YES! We want users to process much larger data sets also! We have started experiments with using Apache Spark on the backend where the hope is that we can help users with much larger datasets. This work is being funded by CZI and you can read the grant proposal here: http://openrefine.org/blog/2019/11/14/czi-eoss.html
Long time back, I built an extension, by which you can take the openrefine mappings, and run on a hadoop cluster. The idea is you would run all transformations on a small dataset on your local machine. Once you are satisfied with the mappings, you would deploy the same on hadoop cluster. I have tested this on large datasets, and it works. Let me know how I can help.
You can check my github: https://github.com/rmalla1/OpenRefine-HD
That author did not have Spark tuned well for the use case. This is a common issue with Spark. Since OpenRefine commonly is used with Strings, we plan to optimize in many areas for that such a few mentioned here: https://databricks.com/glossary/spark-tuning But in general, there are always tradeoffs when trying to provide immediate feedback for interactions. Since OpenRefine has many interactive features, some will need to support batching and advise the user in the interface that things will take longer...do you want to send to batch? Some of the tradeoffs and ways we plan to address these are mentioned in our general OpenRefine on Spark issue here: https://github.com/OpenRefine/OpenRefine/issues/1433
It's Java, but I don't know what's underneath that.

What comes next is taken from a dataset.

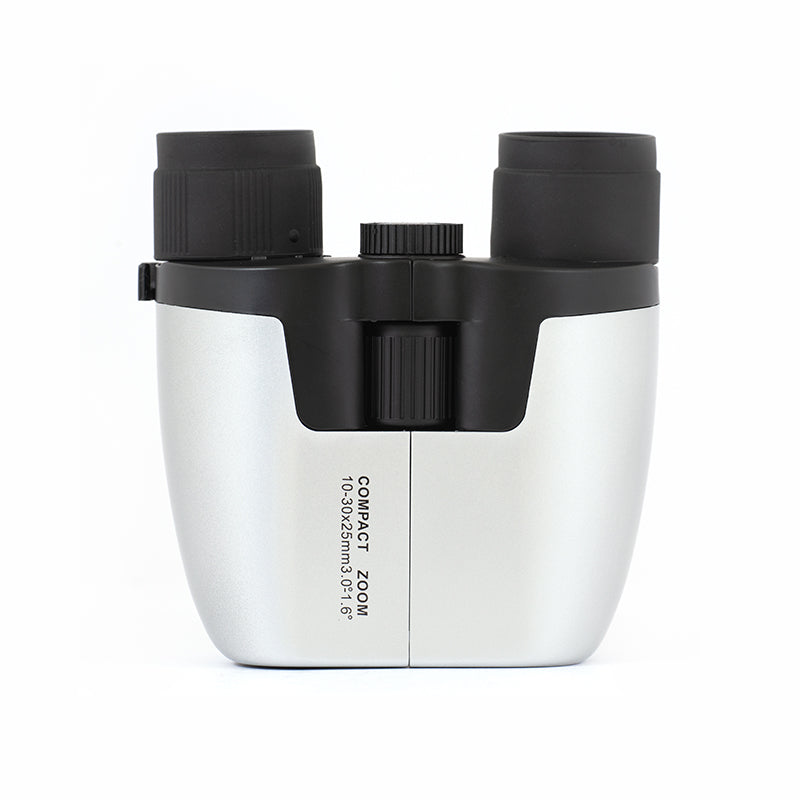 SENHUA  Binocular telescope 01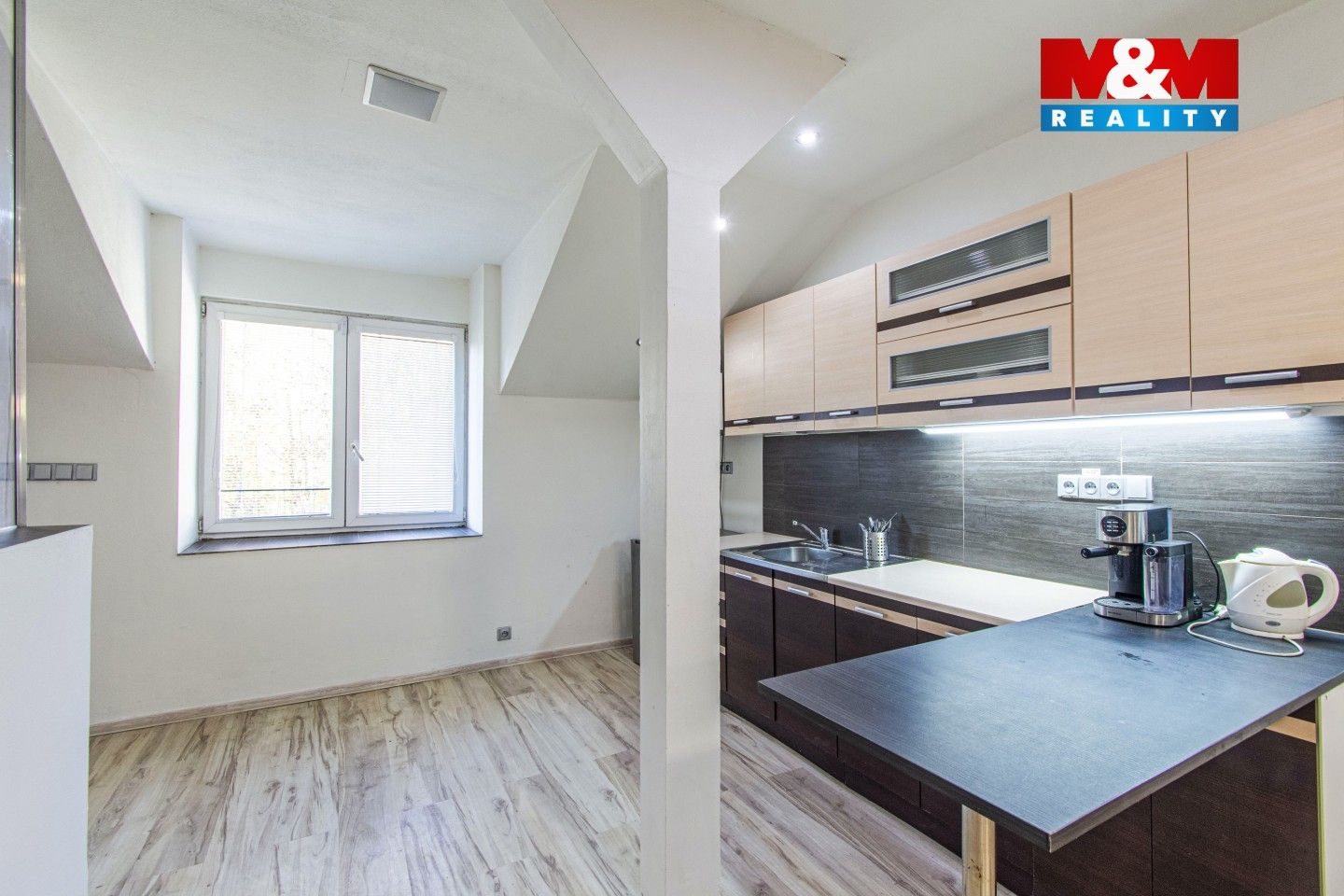 Prodej domu 320 m² - foto 13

There web browser connects to a local server. You can increase the RAM allocated to the JVM, and I'm fairly sure I've worked on hundreds of thousands of rows, although I don't remember the operations I was using.
I've used it sparingly but recognize that I should be using it more. It is really powerful for cleaning up messy data. I'm not sure of the stack but I did reach out to one of the developers about being on HackerNews. Hopefully they can respond.
Follow up:
Looking over the old SIMILE site I couldn't find the original project. Also David Huynh didn't mention it in his own website, but some searching yielded the original project, "Parallax"
SIMILE library is used in OpenRefine for certain Faceting like timeline, clustering, etc. Parallax was originated by David to show how time series data visualizations could be enhanced. David was one of our original designers of OpenRefine and I worked closely with him and Stefano in testing it.
You can use python code for more advanced data manipulations and creating plugins.